Thursday, November 13, 2008

Holistic Scoring Rubric

I elected not to include the following information on the new version of my web site, as it has probably been updated in recent times, and I do not do too much with GED preparation now. However, these guidelines are sound ones very similar to those used for the SAT and ACT exams, too. I hope you find them useful!

GED Scoring Guidelines

These guidelines were supplied to me in the 1990s by an instructor for the then-extant AOL Academic Assistance Center. Jane ( taught GED preparation courses in her community and was a great help as I designed [a GED prep course I used to teach online]. Most standardized essay exams are graded holistically by a small committee according to guidelines like these. I have seen similar ones for statewide exams for middle school and high school,
the CLAST exam, and two community colleges in Florida and California.

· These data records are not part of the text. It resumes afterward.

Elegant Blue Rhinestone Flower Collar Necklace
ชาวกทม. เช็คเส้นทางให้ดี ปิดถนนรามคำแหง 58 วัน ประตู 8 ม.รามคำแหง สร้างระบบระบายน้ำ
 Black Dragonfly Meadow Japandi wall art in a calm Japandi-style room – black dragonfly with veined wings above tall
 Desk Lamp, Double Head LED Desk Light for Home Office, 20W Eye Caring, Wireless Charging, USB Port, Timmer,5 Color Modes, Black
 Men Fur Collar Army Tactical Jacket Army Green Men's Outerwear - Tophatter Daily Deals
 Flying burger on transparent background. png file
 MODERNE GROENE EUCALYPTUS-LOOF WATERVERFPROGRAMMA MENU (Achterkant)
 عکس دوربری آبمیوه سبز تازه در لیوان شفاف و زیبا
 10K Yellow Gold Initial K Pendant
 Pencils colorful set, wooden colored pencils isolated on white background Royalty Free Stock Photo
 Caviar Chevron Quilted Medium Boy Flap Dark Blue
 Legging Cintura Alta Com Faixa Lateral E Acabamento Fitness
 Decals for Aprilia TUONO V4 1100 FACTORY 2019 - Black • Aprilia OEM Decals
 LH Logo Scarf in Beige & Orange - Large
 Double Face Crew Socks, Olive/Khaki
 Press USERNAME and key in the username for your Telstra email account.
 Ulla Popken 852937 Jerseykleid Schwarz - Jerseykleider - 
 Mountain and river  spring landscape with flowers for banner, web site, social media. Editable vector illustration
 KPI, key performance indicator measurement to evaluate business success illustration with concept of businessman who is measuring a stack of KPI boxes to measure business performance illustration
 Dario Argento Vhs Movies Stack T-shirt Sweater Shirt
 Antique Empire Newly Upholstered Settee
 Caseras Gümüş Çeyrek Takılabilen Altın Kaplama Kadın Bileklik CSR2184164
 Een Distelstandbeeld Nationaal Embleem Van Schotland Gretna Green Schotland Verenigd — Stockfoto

The following is quoted from the Scoring Guide section of the GED Teacher's Manual.

Upper-half papers make clear a definite purpose, pursued with varying
degrees of effectiveness. They also have a structure that shows
evidence of some deliberate planning. The writer's control of the
conventions of Standard Written English (spelling, punctuation,
grammar, word choice, and sentence structure) ranges from fairly
reliable at 4 to confident and accomplished at 6.

(6) The SIX PAPER offers sophisticated ideas within an organizational
framework that is clear and appropriate for the topic. The supporting
statements are particularly effective because of their substance,
specificity, or illustrative quality. The writing is vivid and
precise, although it may contain an occasional flaw in the conventions
of Standard Written English.

(5) The FIVE PAPER is clearly organized with effective support for
each of the writer's major points. While the writing offers
substantive ideas, it lacks the fluency found in the 6 paper. Although
there are some errors, the conventions of Standard Written English are
consistently under control.

(4) The FOUR PAPER shows evidence of the writer's organizational plan.
Support, though adequate, tends to be less extensive or effective than
that found in the 5 paper. The writer generally observes the
conventions of Standard Written English. The errors that are present
are not severe enough to interfere significantly with the writer's
main purpose.

Lower-half papers either fail to convey a purpose sufficiently or lack
one entirely. Consequently, their structure ranges from rudimentary at
3, to random at 2, to absent at 1. Control of the conventions of
Standard Written English tends to follow this same gradient.

(3) The THREE PAPER usually shows some evidence of planning, although
the development may be insufficient. The supporting statements may be
limited to a listing or a repetition of ideas. The 3 paper often
demonstrates repeated weaknesses in the conventions of Standard
Written English.

(2) The TWO PAPER is characterized by a marked lack of organization or
inadequate support for ideas. The development may be superficial or
unfocused. Errors in the conventions of Standard Written English may
seriously interfere with the overall effectiveness of this paper.

(1) The ONE PAPER lacks purpose or development. The dominant feature
is the absence of control of structure or the conventions of Standard
Written English. The deficiencies are so severe that the writer's
ideas are difficult or impossible to understand.